Subjective measures of the neighborhood
At baseline, parents (mother and father together in a single session) and children (separately from their parents) completed questionnaires pertaining to their neighborhood, as described in further detail in this section.
Child perceived safety
As defined in our previous research [9], a global measure of children’s feelings of safety was conceptualized as measures of perceived safety to walk in one’s neighborhood. At baseline, children’s perceived neighborhood safety was assessed with four items: “There is no danger walking around or cycling alone in my neighborhood [during the day],” and separately, “[at night]”, “It is safe to bike or walk outside due to traffic”, and “Other children my age plays outside”. Scores were on a four-point Likert scale that ranged from 0 (completely disagree) to 3 (completely agree) such that greater scores indicated greater child perceived safety. These variables all correlated positively (r = 0.5, p < 0.01) with one another. A total score was calculated by taking the mean as recommended in the literature [9].
Parent perceived safety
At baseline, parents’ perceived neighborhood safety was assessed with three items: the neighborhood “is at high risk for crime,” “is attractive,” and “kids can play outside without danger”. Similar measures have been used in the literature to assess this construct [23]. Scores were on a five-point Likert scale that ranged from 0 (not true at all) to 4 (very true). Items were reverse coded as needed such that greater scores indicated greater parent perceived safety. A total score was calculated by taking the mean of the items [9].

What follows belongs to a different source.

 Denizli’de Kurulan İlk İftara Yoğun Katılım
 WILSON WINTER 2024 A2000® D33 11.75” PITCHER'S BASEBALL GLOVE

Parent perceived neighborhood cohesion
At baseline, parents’ perceived neighborhood cohesion was assessed with the following items: “When there is a problem, neighbors come together to solve it,” “In our area, some adults are role models,” “People in this area are ready to help neighbors,” and “We can trust adults in this area to make sure children are safe”. Responses were on a four-point Likert scale ranging from 0 (completely disagree) to 3 (completely agree). Items were reverse-coded as needed so that greater mean scores indicated greater parent perceived neighborhood cohesion [9].
Symptoms of depression
At both baseline and follow-up, children responded to the 12-item Centre for Epidemiological Studies-Depression Scale (CES-D-12) from the National Longitudinal Study of Children and Youth [24]. The scale assesses the frequency of experiencing depressive symptoms within the past week (e.g., “I felt lonely”) on a four-point Likert scale ranging from 0 (none of the time) to 3 (most or all of the time). As recommended in the literature [25], three reverse-coded positively worded items (e.g., “I enjoy life”) were removed as they have been shown to reduce the internal consistency of the scale. The responses from the nine remaining items were subsequently summed for a total score (range: 0–27), with higher scores representing higher levels of depressive symptoms (Cronbach’s alpha at baseline and follow-up: 0.65–0.70). According to the CES-D-12, a score of 9 or lower generally suggests a lower likelihood of experiencing significant depressive symptoms, indicating minimal depressive symptoms [19].
Covariates
Covariates considered for inclusion in the analyses were those identified as related to symptoms of depression in the literature: BMI [26], pubertal status [27], children’s physical activity levels [5], as well as general land use of the neighborhood [28], and sociodemographic characteristics of the household. These are explained in further detail, below.
BMI
Children’s height and weight were measured by trained study staff at baseline using standard protocols. These values were used to calculate BMI, which were then compared to the World Health Organization reference curves to calculate BMI z-scores to account for the child’s sex and age [29].
Pubertal status
Pubertal status (sexual maturation) of the child at baseline was scored by trained nurses according to Tanner stages [27].
Physical activity
Physical activity was assessed at baseline with accelerometer data and categorized as moderate (3201–8200 steps/day) and vigorous (> 8200 steps/day) daily activity in accordance to the literature and summed together [13]. We then created a dichotomous variable indicating whether the child met the guideline of at least 60 min of activity a day [5].
Household characteristics
Household characteristics of interest included household income and parental education (both assessed at baseline). Parent education was recoded into a dichotomous variable on whether at least one parent had a university degree or higher. Based on published work utilizing our dataset and the income distribution within our sample, household income was also recoded into a dichotomous variable, indicating whether the total household income in the preceding year (before taxes and deductions) was at least 50,000 CAD [17, 30].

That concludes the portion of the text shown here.